Which property type will serve you best in 2016 and beyond

The real estate market has changed substantially over the past year, and investors need to realign their goals to suit the new environment.

andrew fawell

Blogger: Andrew Fawell, director, Beller 

Australia’s property market found itself caught in a perfect storm last year. With RBA interest latest sitting at levels not seen since the 1950’s, an Australian dollar sitting below 0.80 to the US dollar, and a low a level of inflation, both investors and owner-occupiers alike saw it as the perfect opportunity to claim their piece of Australia’s property market pie. Across the country, we saw new dwelling commencements increase for the third year running at 211,860 in conjunction to the boom in Melbourne and Sydney’s house prices.

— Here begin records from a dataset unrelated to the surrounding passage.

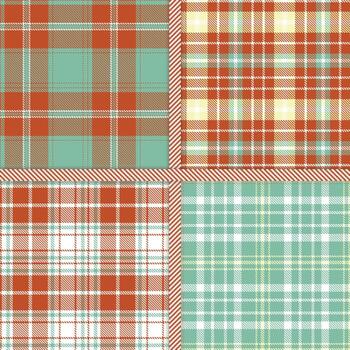 White, Rust, Pale Teal and Egg Shell seamless pattern set of 4 vector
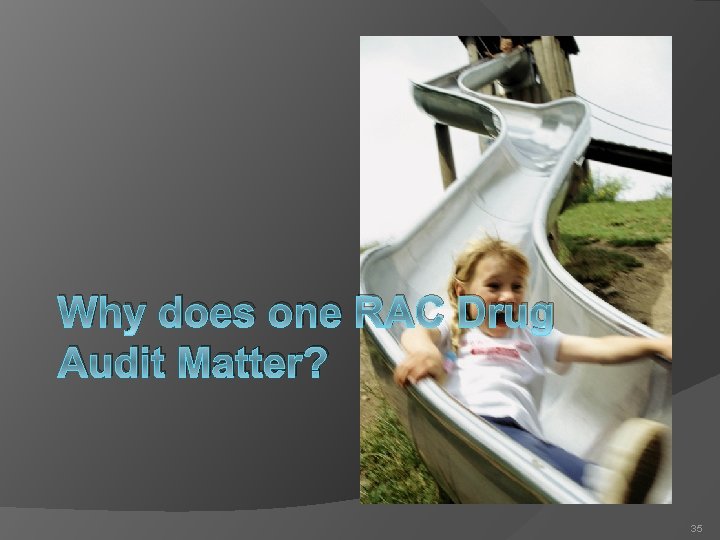 Why does one RAC Drug Audit Matter? 35 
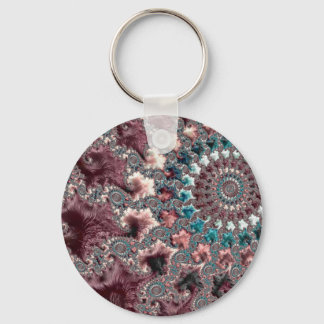 Retro Groovy Eclectic Bohemian Spiral Fractal Keychain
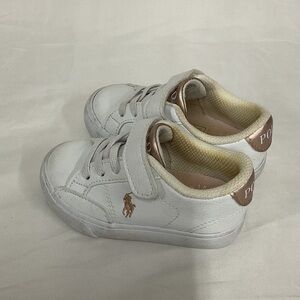 EUC Infant girls polo sneakers with Velcro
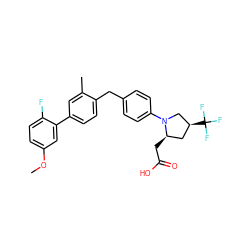 COc1ccc(F)c(-c2ccc(Cc3ccc(N4C[C@@H](C(F)(F)F)C[C@H]4CC(=O)O)cc3)c(C)c2)c1 ZINC001772594232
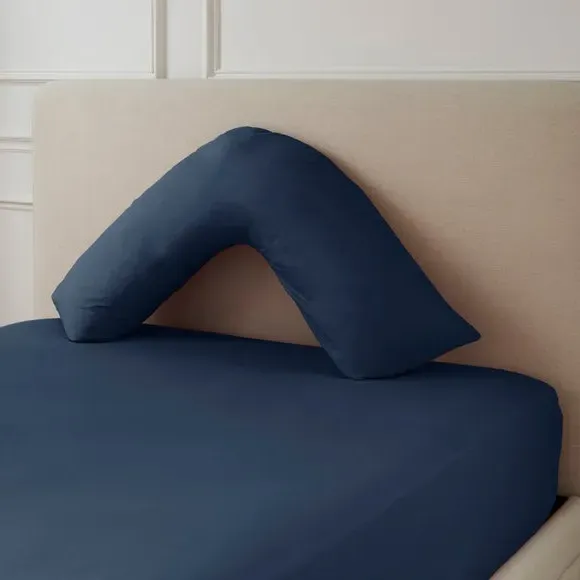 V-Shape Pillowcase 230 Thread Count - Navy, Cotton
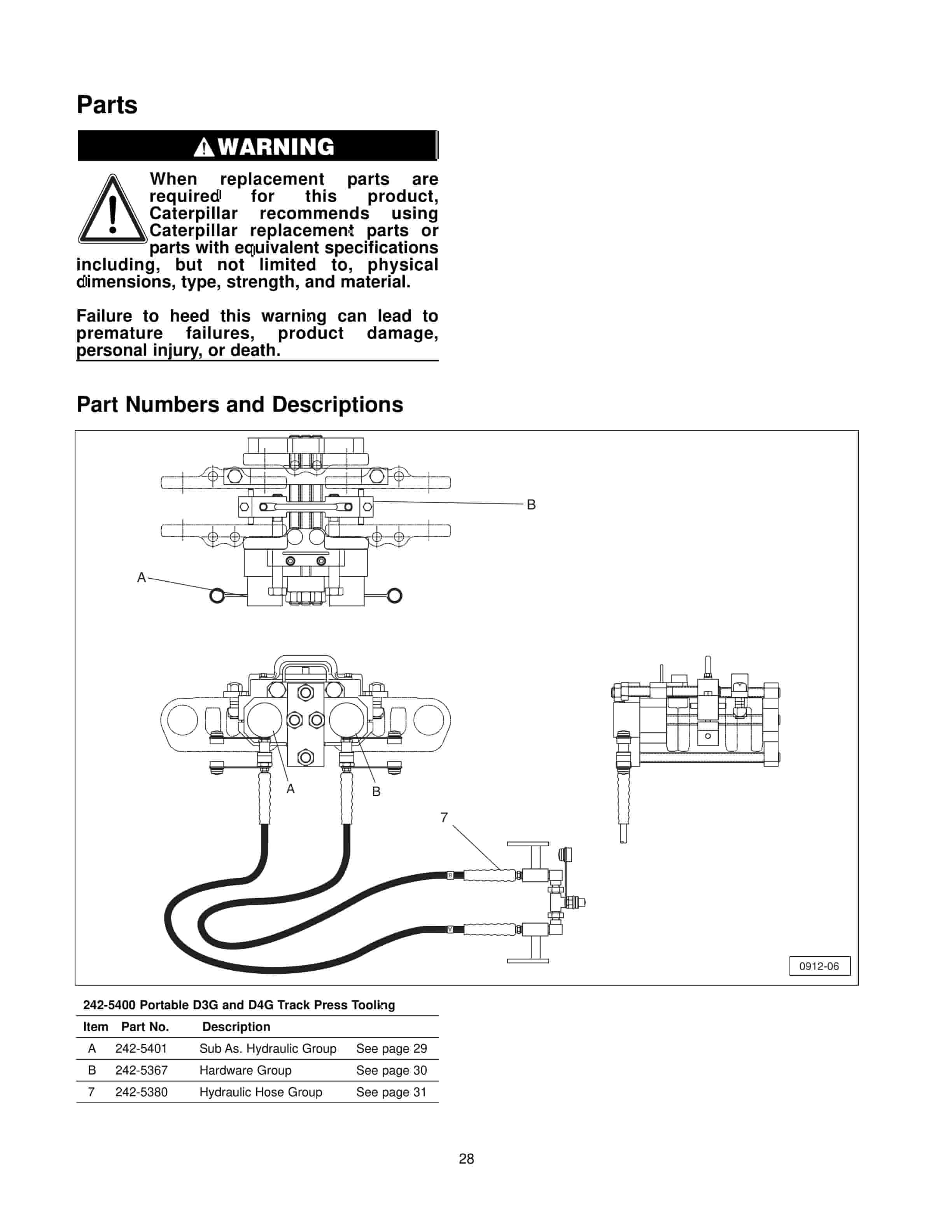 Caterpillar 242-5400 Portable Track Press, D3G, D4G SystemOne Undercarriage Tool Operating Manual NEHS0912-02 4 Caterpillar 242-5400 Portable Track Press, D3G, D4G SystemOne Undercarriage Tool Operating Manual NEHS0912-02-4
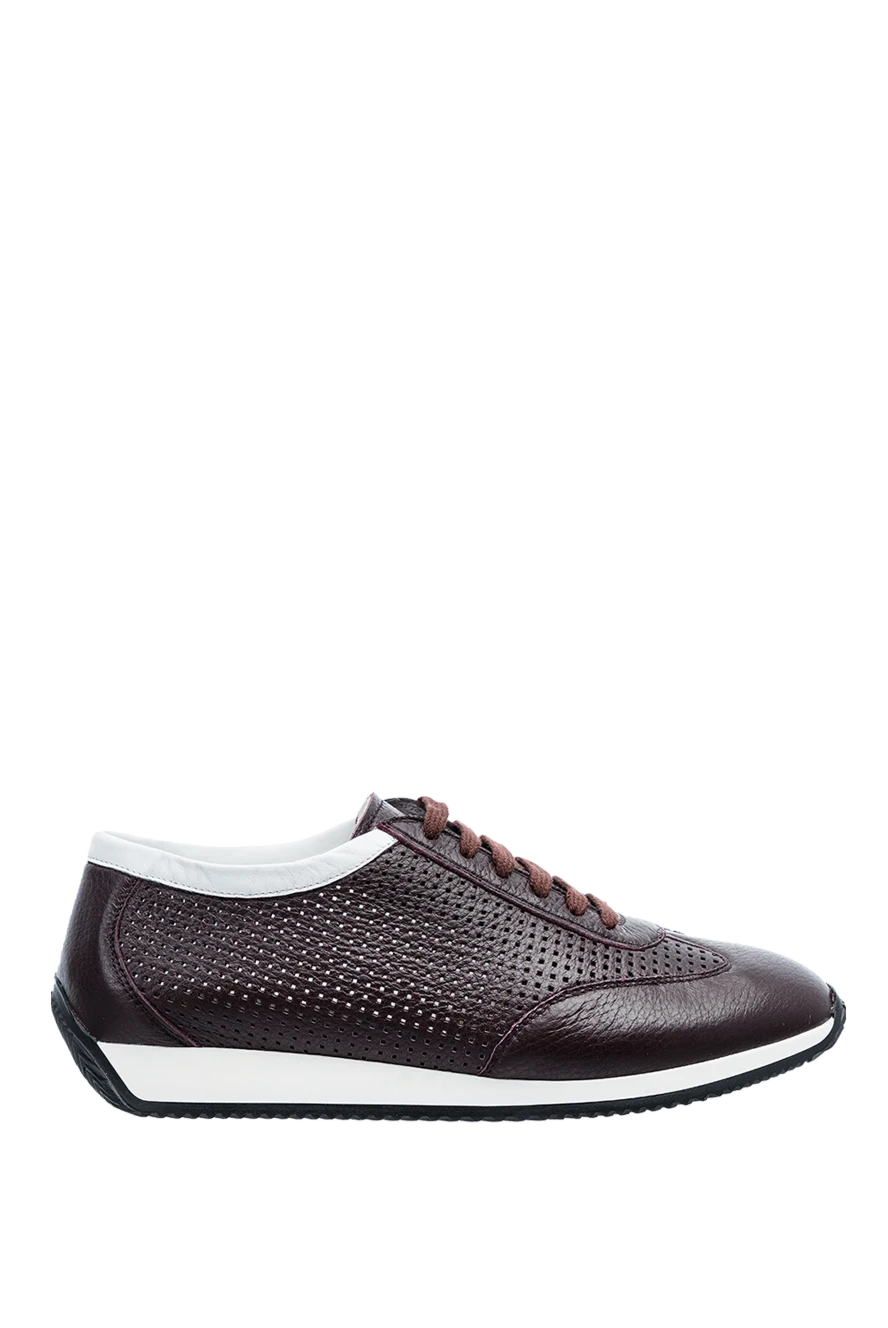 Cesare di Napoli man burgundy leather sneakers for men купить с ценами и фото 152653 - photo 1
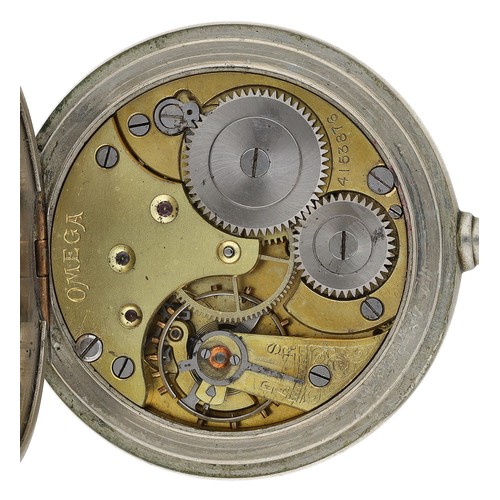 374 - Omega nickel cased lever pocket watch, serial no. 4153876, circa 1912-1915, signed movement with com... 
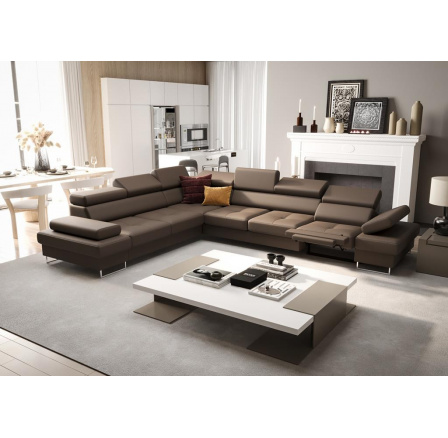 Rohová Kožená sedací souprava s funkcí spaní a relaxace GALAXY MAX 350x280 cm - hnědá , levá Rohová Kožená sedací souprava s funkcí spaní a relaxace GALAXY MAX 350x280 cm - hnědá , levá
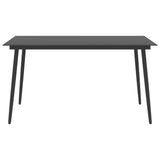 Garden Dining Table Black 150x90x74 cm Steel and Glass - Front View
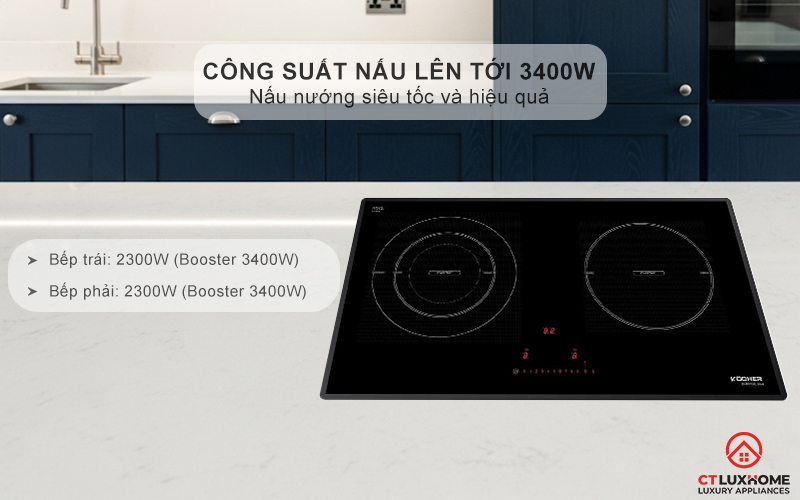 Công suất nấu lên tới 3400W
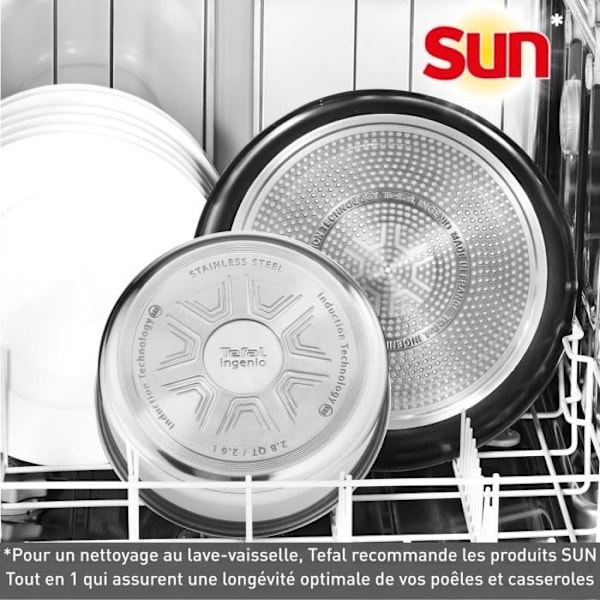 TEFAL INGENIO Kjøkkenutstyrsett 10 deler, Stekepanner, Kjeler, Induksjonskompatibel, Rustfritt stål, Non-stick belegg, Emotion L897AS04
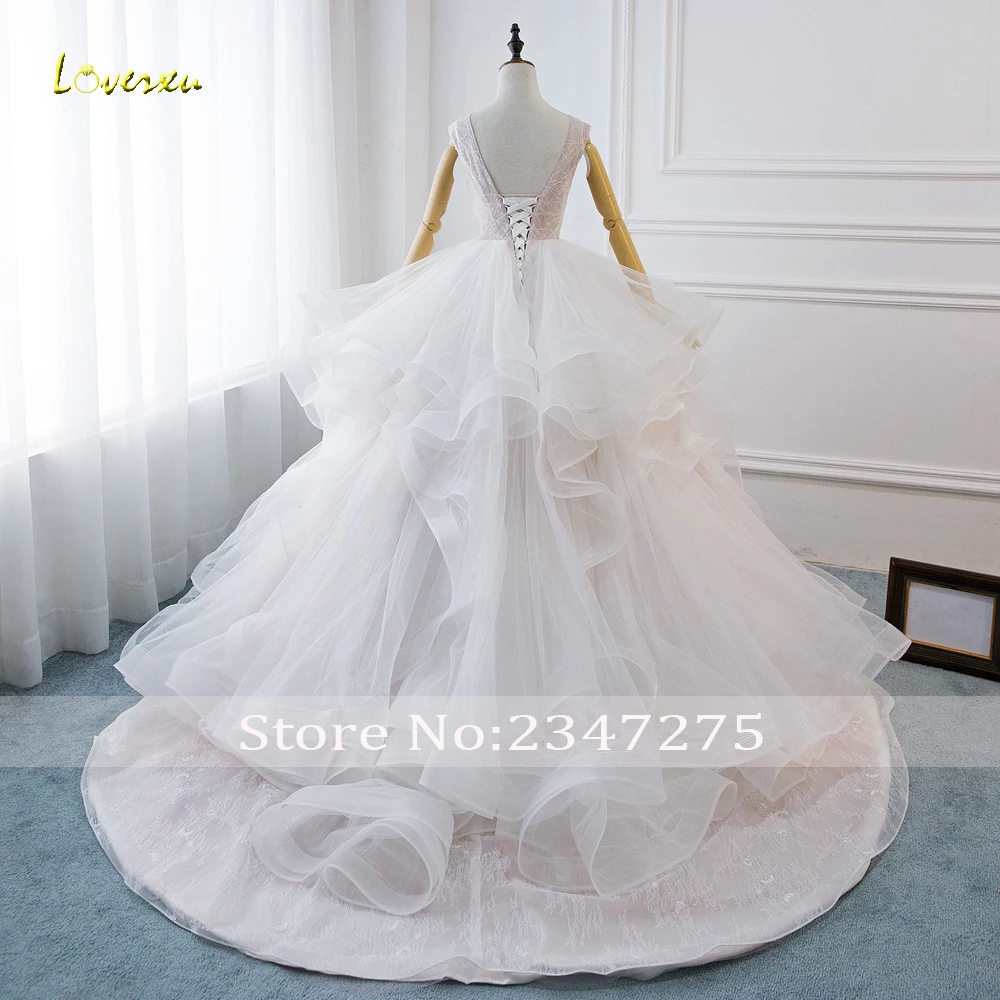 Loverxu Vestido De Noiva, кружевное бальное платье с оборками, свадебное платье, сексуальное, с открытой спиной, с v-образным вырезом, со шлейфом, с аппликацией, свадебное платье с бисером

But after experiencing this seemingly perfect storm that helped us sail prosperously through 2015, as we propel further into the next leg of the race many are left wondering; will 2016 provide the same conditions to herald a consecutive year of property market success?

Much like the weather, our economy is far from static. The forces that once may have assisted us can very quickly take a turn. Some will find this will ultimately put them at an advantage; for others, it may make the voyage a little less linear.

While RBA interest rates currently sit on two per cent and are expected to hold, and the Australian dollar floats around 0.70 to the greenback, it is the banks that have changed their game.

The rhetoric of global economic uncertainty currently prevailing among business experts means that banks have had to respond. More stringent stress testing standards to assess their capability to respond to a financial downturn mean this is also being applied to investors in 2016.

As the cost of capital has increased for banks due to greater risk, investors will now find it harder to access loans. While there has always been a degree of stress testing, the margins are now higher. The Big Four Australian banks have a large amount of security tied to residential debt, so while you may put in an application at four per cent it is likely to be tested at six per cent.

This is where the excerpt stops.